Die kleine FRITZ!Box 7530 und die große, weite Welt

Profan ist das Leben. Nicht manchmal, jeden Tag.

Umgeben von den großen Themen der Zeit, von Umwälzungen und Transformationen, von globalen Ereignissen und permanenter Veränderung im Wandel von allem.

Und doch geht morgens einfach nur der Wecker, wir stehen auf, putzen die Zähne, trinken Kaffee, essen eine Kleinigkeit und gehen im weiteren unseren Tagesgeschäften nach. Jede und jeder in seinem Leben. Am Abend, wenn wir ins Bett gehen, was ist dann schon passiert? Ist die Welt explodiert? Ruhig ist es. Du küsst sie auf die Wange, legst dich auf deine Lieblingsseite, schaltest alles aus. Dann geht der Wecker.

Im Grunde leben wir zu 99 % das kleine Leben. Manchmal plustern wir uns zu Größerem auf, fühlen innere Revolte, sagen Dinge, vielleicht tun wir sogar was. Aber am Abend wird alles wieder ruhig und am Morgen klingelt der Wecker.

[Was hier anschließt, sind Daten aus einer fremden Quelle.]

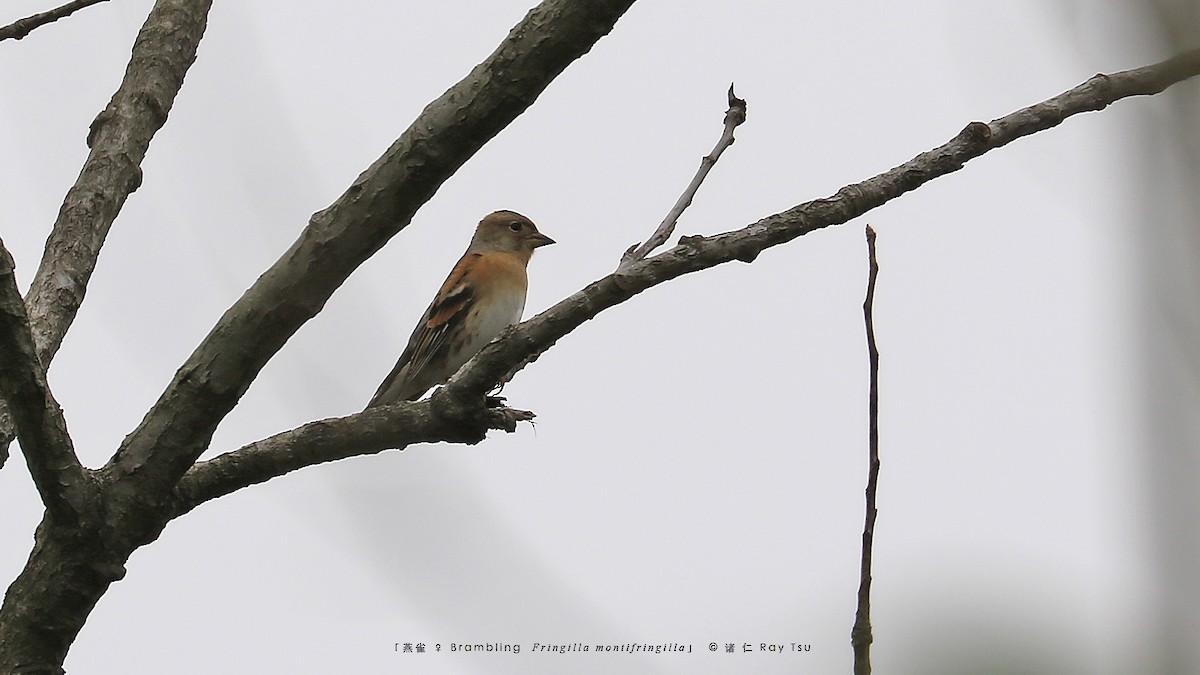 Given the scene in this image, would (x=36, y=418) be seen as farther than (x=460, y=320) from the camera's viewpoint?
No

Was das mit der FRITZ!Box 7530 zu tun hat?

Das habe ich erfahren, als sie ausfiel. Keine Kontrolllampe leuchtete mehr. Und damit war ich raus aus dem großen Spiel meines kleinen Lebens hier im Homeoffice irgendwo im Nirgendwo.

Kein ZOOM, TEAMS, Skype. Kein Spiegel online, Facebook, keine Mails.

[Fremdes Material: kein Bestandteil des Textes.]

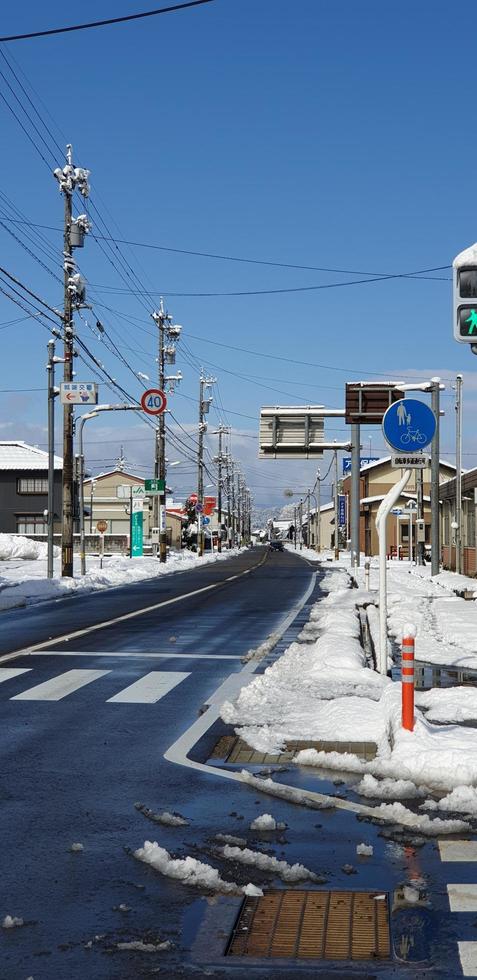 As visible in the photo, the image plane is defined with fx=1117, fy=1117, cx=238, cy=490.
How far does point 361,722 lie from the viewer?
9.51 m

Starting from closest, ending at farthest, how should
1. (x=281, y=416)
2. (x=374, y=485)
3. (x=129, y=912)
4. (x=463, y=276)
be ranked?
(x=129, y=912) → (x=463, y=276) → (x=281, y=416) → (x=374, y=485)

An einem unbedeutenden Montagmorgen, als die Woche starten sollte. Da stand die Schale mit Cappuccino, also eigentlich ein französischer Milchkaffee der Sorte Grand Creme, aber eben mit italienischen Espressobohnen und aufgeschäumter Milch zubereitet. Die Kaffeemaschine, die ISOMAC Maverick, ist auch so ein kleiner bedeutender Teil der Geschichte, bleibt hier und heute im Weiteren aber absolut unerwähnt.

Ich trank einen Schluck Kaffee, öffnete das Laptop, wollte starten mit Mail- und Kalendercheck. Mit einer positiven, freudigen Haltung in Richtung „Alter, was liegt an, was geht?“.

Niente, nothing.

Noch blieb alles souverän. In mir. Kein Thema. Browser-Check, mal das W-Lan neu starten.

Tot.

Rien ne vas plus.

Ich bleib weiterhin ruhig. Mal kurz Router checken, Kabel ziehen, neu starten.

Keine LED leuchtet. UPS! Merkwürdig. Strom? Ich schalte das Licht ein. Leuchtet, der Router nicht.

Ab diesem Augenblick wurde es spannend. Vor meinem geistigen Auge liefen die Tagestermine ab und dann das Szenario, was ich nicht werde tun können, weil ich offline bin.

OFFLINE im Homeoffice ist wie nicht mehr auf dieser Welt. Abgetreten, so gestorben wie dein Fucking Router.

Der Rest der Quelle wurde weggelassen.